The board of inquiry will consist of a chairman, who is the chairman of a valuation board appointed under the Taxation Administration Act 1953-1955, and two other members appointed by the Minister. Their function is simply to make a report. It is further provided that the report shall be tabled with any acquisition that follows it. The idea is that the report should form the basis of the consideration by members of the House of Parliament to discharge their duties under the section to which the committee previously gave its attention, and under which each House of Parliament has the right to make void an acquisition that has been made.

I wish to make it quite clear to the committee that I have avoided giving any operative effect to the report of the public inquiry. I did that in deference to the idea that it is an executive act to acquire land, and the decision on that point is left to the Minister. Obviously, any Minister, under our constitutional set-up of responsible government, will feel himself bound to consult the terms of that report, and base upon it his decision, either to withdraw from the acquisition or to pursue it according to the terms of the report. If he decides to go on with the acquisition, then he will run the gauntlet of debate in the House based, not upon a total absence of information, but upon the information which the report would provide. Therefore, the report of the public inquiry is to be without operative effect. It will only inform the Minister and the Houses of Parliament.

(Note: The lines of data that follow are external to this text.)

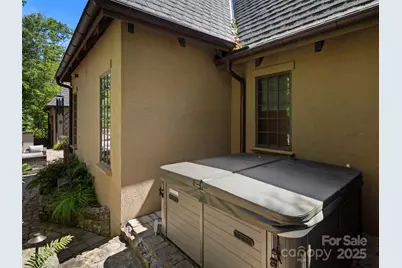 82 Running Creek Trail, Arden, NC 28704 - Photo 37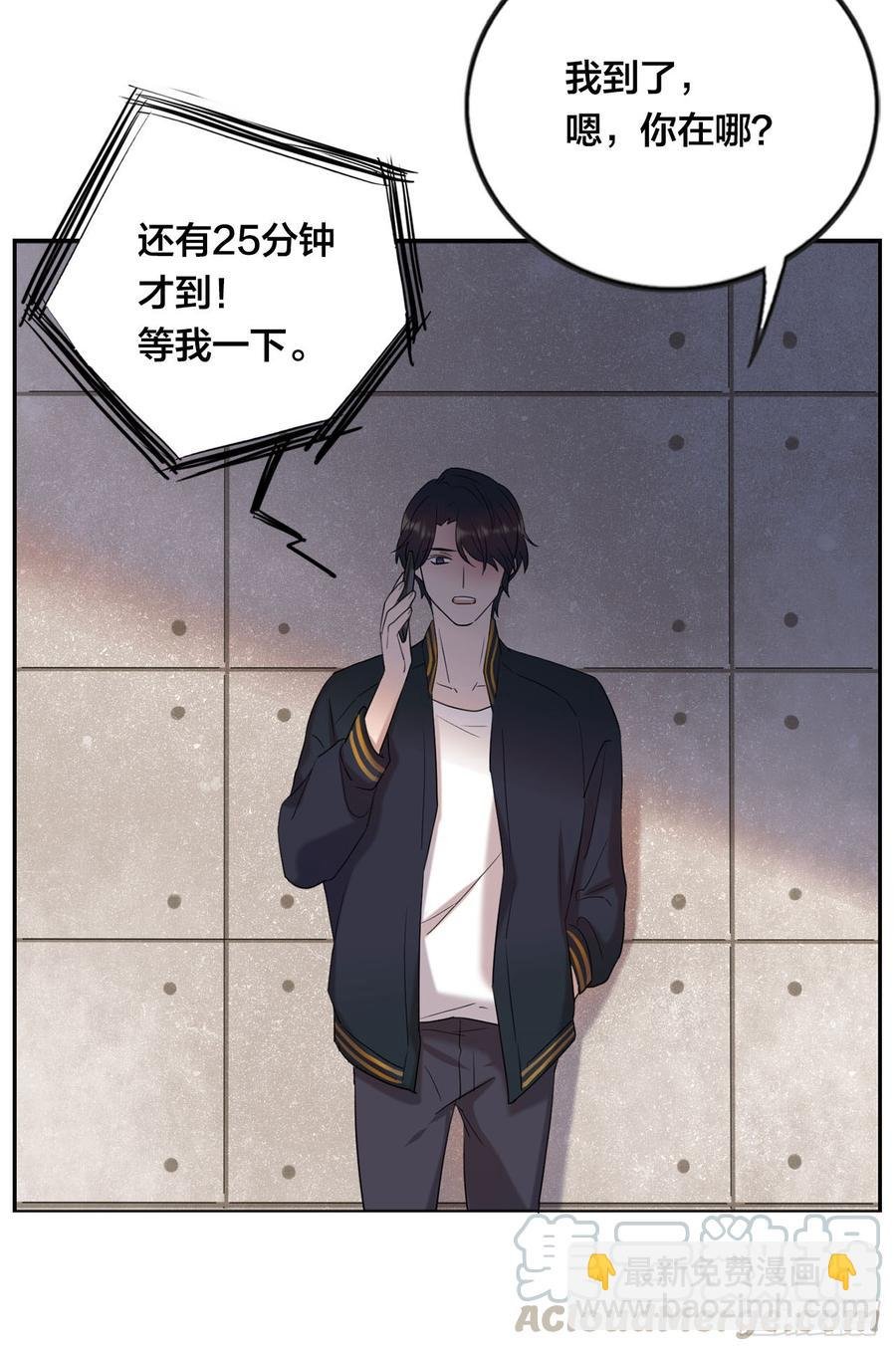 无法拒绝的理由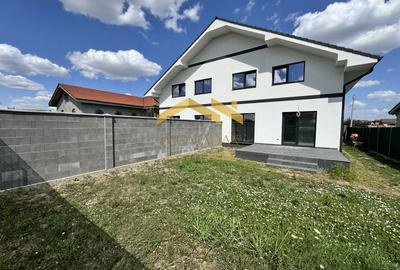 Sanmihaiu Roman-Duplex-Predare la Cheie - 3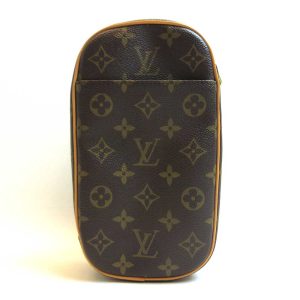 3 lv220916 1ta Louis Vuitton Luco Tote Bag Monogram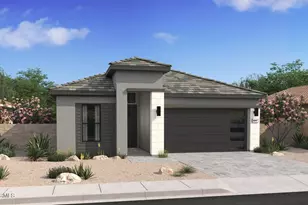 4197 S Springs Dr, Chandler, AZ 85249 - Photo 1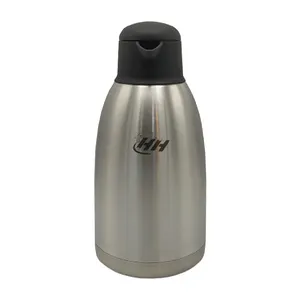 فلاسک اچ اچ کد SM2000 گنجایش 2 لیتر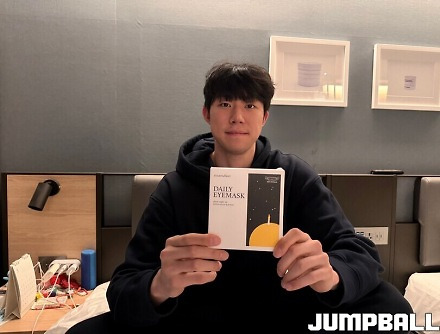 헤드라인 썸네일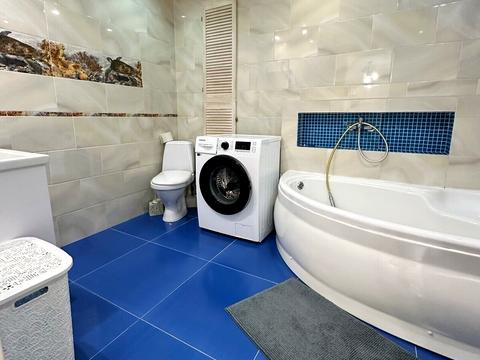 квартира за адресою Кармелюка вул., 3/2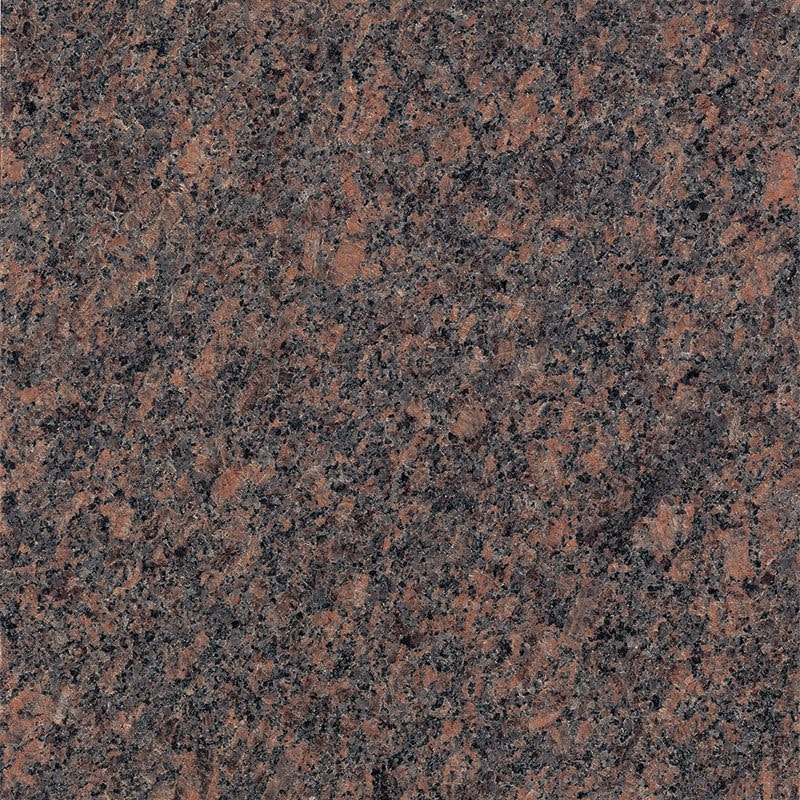 Carnelian granite texture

The other value I attach to it is that sense of satisfaction it will afford to a land-owner who feels that he has a grievance and is prepared to go to the inconvenience and cost of supporting his case before the public inquiry. The purpose of it also is obviously that those who attempt fraud will be intimidated by this section in the vast majority of cases. Those who attempt either preference or prejudice to a particular owner will be deterred because of the possibility that they will have to run the gauntlet of a public inquiry, if the land-owner, feeling a sense of grievance, asks for a public inquiry to be undertaken at his own cost, so far as he is concerned.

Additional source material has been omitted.